SOURCE DATA:
[Start of Attachment]
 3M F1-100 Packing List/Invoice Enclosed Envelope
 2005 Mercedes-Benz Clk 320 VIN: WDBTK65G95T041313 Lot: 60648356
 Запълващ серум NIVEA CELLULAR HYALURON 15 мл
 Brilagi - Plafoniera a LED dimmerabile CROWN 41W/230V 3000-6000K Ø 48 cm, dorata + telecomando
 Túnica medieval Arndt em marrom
[End of Attachment]
WHAT TO DO:
From the first line to the last, retype the records exactly as they stand above.

WRITTEN ANSWER:
 3M F1-100 Packing List/Invoice Enclosed Envelope
 2005 Mercedes-Benz Clk 320 VIN: WDBTK65G95T041313 Lot: 60648356
 Запълващ серум NIVEA CELLULAR HYALURON 15 мл
 Brilagi - Plafoniera a LED dimmerabile CROWN 41W/230V 3000-6000K Ø 48 cm, dorata + telecomando
 Túnica medieval Arndt em marrom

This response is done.